Stone Forest

April 19, 2007 at 6:28 am Leave a comment

Kunming, the capital of Yunnan Province, enjoys great fame among tourists not only because the region features a consistently warm climate, but also thanks to its wonderful vistas and landscapes. Among the most dramatic of these attractions is the Stone Forest (Shilin), known since the Ming Dynasty (1368-1644 A.D.) as the ‘First Wonder of the World.’
The Stone Forest is in Lunan Yi Nationality Autonomous County, which is about 120 kilometers (75 miles) from Kunming and requires only a three-hour drive. It covers an area of 400 square kilometers (96,000 acres) and includes both large and small stone forests, as well as many other scenic spots. An old local saying says that ‘If you have visited Kunming without seeing the Stone Forest, you have wasted your time.’ Truly, the Stone Forest is one of the most important attractions of Yunnan.

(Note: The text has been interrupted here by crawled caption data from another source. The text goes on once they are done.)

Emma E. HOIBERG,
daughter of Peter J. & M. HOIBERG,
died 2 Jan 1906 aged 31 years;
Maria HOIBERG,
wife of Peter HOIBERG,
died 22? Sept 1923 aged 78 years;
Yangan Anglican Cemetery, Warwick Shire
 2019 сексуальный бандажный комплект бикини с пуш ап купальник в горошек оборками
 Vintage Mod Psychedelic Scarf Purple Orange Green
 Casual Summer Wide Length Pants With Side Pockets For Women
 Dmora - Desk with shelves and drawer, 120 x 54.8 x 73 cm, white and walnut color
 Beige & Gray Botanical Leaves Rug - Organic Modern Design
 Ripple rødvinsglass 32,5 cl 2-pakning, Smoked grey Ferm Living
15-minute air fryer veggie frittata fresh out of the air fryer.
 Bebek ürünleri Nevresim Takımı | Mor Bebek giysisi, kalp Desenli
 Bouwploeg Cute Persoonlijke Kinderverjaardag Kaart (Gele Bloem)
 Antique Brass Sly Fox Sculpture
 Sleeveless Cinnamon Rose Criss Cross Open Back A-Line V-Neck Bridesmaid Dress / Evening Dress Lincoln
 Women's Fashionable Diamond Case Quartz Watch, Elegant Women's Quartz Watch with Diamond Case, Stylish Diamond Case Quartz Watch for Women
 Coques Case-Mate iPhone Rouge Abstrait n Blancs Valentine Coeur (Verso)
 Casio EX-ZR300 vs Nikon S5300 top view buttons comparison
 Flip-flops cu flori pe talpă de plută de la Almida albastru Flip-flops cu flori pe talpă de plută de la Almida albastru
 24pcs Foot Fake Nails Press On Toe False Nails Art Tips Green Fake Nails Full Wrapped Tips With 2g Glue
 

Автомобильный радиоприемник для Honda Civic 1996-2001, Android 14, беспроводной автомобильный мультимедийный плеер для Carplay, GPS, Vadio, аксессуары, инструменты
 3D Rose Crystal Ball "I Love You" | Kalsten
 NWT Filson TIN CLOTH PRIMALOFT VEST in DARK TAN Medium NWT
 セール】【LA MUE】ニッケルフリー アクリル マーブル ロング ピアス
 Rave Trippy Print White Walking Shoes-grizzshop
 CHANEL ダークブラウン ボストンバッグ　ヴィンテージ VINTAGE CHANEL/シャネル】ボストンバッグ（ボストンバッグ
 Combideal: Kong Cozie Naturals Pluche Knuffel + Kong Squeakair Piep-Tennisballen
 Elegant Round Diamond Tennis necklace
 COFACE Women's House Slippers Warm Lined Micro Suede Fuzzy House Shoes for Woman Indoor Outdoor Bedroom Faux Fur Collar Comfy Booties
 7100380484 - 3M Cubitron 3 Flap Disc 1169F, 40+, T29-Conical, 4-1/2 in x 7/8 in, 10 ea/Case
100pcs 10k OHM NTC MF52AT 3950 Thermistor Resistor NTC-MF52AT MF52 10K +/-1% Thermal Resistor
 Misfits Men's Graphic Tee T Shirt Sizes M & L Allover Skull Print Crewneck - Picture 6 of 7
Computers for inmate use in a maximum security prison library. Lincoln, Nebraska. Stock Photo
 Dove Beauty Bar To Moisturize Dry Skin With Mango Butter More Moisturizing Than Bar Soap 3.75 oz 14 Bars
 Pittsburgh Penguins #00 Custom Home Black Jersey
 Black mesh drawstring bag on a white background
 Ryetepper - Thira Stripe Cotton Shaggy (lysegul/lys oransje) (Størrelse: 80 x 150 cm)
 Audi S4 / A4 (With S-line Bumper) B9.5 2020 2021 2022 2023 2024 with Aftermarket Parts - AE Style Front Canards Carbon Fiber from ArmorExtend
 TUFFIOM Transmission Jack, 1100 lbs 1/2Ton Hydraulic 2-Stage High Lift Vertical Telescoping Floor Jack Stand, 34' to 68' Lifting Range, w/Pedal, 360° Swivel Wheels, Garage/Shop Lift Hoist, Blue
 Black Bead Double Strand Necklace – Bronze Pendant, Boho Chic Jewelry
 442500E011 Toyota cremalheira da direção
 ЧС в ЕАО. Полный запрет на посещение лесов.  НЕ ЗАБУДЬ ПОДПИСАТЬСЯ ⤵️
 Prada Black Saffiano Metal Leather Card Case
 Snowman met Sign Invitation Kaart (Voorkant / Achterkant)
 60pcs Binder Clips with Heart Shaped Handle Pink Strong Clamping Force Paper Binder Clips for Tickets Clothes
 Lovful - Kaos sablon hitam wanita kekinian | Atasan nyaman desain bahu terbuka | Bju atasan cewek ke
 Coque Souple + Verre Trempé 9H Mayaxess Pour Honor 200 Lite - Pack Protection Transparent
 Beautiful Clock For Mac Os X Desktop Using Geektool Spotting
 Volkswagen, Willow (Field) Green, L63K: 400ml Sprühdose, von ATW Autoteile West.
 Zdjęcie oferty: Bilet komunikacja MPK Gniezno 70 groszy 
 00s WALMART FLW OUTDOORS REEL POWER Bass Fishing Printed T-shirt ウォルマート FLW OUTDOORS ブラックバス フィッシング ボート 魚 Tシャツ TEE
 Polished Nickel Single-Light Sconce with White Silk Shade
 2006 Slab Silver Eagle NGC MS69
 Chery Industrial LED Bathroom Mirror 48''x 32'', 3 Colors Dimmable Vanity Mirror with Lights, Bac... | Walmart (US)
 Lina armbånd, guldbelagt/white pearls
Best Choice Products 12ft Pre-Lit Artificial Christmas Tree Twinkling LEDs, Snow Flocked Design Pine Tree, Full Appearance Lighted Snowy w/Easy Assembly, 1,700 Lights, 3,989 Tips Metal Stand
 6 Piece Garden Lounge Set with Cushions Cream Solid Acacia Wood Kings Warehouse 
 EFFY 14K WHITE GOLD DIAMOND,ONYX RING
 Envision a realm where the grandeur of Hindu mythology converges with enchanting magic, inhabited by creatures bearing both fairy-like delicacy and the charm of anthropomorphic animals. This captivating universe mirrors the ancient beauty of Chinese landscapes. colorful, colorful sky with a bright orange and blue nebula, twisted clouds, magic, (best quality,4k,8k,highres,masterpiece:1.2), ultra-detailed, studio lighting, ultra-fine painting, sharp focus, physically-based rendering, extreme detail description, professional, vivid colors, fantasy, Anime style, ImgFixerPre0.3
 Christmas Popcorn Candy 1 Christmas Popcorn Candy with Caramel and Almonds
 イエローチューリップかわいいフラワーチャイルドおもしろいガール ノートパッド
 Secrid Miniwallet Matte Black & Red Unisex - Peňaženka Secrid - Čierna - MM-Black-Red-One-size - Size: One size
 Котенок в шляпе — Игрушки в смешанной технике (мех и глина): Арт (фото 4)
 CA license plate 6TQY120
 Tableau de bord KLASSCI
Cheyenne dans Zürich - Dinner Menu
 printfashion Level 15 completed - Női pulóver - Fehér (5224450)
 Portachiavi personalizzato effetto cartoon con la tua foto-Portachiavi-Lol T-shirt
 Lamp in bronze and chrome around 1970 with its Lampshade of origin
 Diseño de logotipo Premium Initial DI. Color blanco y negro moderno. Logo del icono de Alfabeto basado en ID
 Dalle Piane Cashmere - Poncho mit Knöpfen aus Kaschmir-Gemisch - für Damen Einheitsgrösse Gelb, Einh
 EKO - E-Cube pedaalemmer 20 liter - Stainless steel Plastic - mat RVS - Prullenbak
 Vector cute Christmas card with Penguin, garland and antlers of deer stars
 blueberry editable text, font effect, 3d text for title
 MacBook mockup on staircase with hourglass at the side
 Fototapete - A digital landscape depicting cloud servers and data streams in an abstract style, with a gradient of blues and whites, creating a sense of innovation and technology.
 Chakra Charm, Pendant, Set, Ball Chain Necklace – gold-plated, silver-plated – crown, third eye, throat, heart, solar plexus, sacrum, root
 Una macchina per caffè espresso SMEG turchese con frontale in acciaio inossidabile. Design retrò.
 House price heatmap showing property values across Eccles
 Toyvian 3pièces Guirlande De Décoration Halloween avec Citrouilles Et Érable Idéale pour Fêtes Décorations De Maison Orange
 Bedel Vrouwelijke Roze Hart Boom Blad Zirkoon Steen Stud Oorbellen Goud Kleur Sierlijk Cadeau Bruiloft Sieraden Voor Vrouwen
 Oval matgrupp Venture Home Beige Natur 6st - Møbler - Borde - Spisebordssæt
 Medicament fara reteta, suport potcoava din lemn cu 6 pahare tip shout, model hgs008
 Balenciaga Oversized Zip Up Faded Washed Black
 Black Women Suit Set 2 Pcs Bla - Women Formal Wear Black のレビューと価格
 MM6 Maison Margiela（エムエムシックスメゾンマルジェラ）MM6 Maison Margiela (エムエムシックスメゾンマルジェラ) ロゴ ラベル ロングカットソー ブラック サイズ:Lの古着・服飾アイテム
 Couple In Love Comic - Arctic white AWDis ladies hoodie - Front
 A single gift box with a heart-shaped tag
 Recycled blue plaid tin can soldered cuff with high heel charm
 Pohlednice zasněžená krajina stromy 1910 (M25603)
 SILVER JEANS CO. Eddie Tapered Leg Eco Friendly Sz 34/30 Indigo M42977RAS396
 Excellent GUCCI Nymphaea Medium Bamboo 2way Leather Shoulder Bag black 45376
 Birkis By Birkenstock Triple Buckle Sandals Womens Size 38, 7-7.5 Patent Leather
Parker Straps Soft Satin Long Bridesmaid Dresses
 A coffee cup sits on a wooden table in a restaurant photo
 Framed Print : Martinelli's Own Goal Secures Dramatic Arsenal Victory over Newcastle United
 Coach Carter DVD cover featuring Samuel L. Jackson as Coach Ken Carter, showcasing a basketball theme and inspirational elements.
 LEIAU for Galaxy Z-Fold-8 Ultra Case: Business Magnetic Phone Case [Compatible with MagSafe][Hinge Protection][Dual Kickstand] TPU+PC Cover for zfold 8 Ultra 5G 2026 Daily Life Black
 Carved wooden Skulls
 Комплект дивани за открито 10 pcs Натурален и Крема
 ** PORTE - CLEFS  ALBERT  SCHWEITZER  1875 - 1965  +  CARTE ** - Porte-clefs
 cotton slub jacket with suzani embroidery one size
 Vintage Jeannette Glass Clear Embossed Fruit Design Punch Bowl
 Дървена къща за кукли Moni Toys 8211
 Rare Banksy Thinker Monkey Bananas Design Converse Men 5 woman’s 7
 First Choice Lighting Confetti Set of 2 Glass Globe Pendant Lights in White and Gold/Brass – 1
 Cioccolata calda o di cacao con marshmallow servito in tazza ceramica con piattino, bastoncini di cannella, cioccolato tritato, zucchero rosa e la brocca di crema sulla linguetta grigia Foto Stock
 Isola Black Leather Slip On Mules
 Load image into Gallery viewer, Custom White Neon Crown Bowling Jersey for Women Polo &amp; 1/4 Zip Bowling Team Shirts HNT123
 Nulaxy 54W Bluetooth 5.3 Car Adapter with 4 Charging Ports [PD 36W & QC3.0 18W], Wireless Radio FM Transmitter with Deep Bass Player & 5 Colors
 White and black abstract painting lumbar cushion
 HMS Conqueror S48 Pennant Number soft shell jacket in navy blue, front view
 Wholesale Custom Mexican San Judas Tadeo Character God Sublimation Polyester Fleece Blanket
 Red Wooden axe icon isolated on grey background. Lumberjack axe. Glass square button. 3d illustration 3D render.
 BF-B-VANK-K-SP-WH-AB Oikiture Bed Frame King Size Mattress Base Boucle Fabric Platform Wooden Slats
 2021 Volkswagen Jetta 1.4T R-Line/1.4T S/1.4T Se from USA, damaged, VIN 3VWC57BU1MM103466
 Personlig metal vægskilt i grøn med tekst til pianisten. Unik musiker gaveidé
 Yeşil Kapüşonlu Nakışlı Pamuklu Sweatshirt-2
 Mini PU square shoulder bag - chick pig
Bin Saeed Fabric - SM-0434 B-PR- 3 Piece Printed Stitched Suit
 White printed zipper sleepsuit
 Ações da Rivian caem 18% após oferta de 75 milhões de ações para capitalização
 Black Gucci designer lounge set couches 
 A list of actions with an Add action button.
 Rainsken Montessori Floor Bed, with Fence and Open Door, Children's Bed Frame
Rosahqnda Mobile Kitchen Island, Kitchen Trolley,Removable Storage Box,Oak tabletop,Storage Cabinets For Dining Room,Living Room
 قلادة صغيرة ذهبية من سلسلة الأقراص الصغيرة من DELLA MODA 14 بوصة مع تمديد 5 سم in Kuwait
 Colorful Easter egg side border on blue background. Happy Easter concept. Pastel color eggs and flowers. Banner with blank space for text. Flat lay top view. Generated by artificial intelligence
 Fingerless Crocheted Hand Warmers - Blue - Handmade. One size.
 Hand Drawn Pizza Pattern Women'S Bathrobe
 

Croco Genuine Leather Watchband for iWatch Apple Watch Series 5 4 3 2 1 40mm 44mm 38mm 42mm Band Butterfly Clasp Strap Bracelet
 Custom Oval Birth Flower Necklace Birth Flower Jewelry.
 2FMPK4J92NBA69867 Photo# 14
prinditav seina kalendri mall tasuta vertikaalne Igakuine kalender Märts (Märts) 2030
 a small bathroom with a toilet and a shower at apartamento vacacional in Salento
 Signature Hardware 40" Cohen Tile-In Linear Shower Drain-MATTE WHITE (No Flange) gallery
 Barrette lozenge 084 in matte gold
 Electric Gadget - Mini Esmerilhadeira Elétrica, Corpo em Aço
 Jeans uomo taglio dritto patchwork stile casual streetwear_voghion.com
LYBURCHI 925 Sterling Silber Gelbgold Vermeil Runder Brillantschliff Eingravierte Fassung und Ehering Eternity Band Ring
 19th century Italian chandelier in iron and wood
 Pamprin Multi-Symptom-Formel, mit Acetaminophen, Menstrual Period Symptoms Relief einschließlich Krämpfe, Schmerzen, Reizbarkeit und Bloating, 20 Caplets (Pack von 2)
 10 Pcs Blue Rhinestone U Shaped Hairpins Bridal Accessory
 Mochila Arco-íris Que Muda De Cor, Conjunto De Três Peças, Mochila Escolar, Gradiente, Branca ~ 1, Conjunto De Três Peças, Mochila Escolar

Walking through the Stone Forest, visitors marvel at the natural stone masterpieces and are bewitched by the intricate formations. The magnificent, strange and steep landscape creates countless labyrinthine vistas, including:
Major Stone Forest, Minor Stone Forest and Naigu Stone Forest, all of which feature stones in various formations. Animals, plants, and even human figures can be found here. Some are elegant, some are rugged, and each is lifelike with its own distinguishing characteristics.
Subterranean Stone Forest in Zhiyun Cave, an underground stone forest distributed among several caves and occupying a total area of about three square kilometers (720 acres).
Strange Wind Cave, composed of Penfeng Cave, Hongxi Spring and an underground river. From August to November, gales lasting two to three minutes sweep out of the cave every 30 minutes.
Long Lake is a karsts lake that is three kilometers (two miles) long but only 300 meters (zero point two miles) wide. The lake features underwater stalagmites and stalactites and a small island in the center of the water.
The source of the Dadie Waterfall, Ba River, is a branch of Nanpan River. In the rainy season, up to 150 cubic meters (196 cubic yards) of water per square inch plummet down the 88 meter (288 feet) drop.
Geologists say the Stone Forest is a typical example of karsts topography. Approximately 270 million years ago – during the carboniferous period of the Paleozoic era – the region was a vast expanse of sea. Over time, the movements of the lithosphere gradually caused a retreat of the waters and the rise of the limestone landscape. Due to constant erosion by the elements, the area finally developed into the present-day Stone Forest.
Many beautiful legends originate in this magical place, passed along by the native people known as Sani, a branch of the Yi ethnic group. One particular story about the faithful love of Ashima, a beautiful, clever and warm-hearted Sani girl, is the most popular and has been told for thousands of years. The Sani people celebrate their national festival – the Torch Festival – every lunar year on June 24. They take part in traditional performances such as wrestling, bull fighting, pole-climbing, dragon-playing, lion-dancing and the A-xi Moon Dance. During this time, the Stone Forest is alive with a particularly joyful, festive atmosphere, making the area even more attractive than usual. However, the Stone Forest – with its sculptures engraved by nature, herself – is always a true miracle for visitors to behold.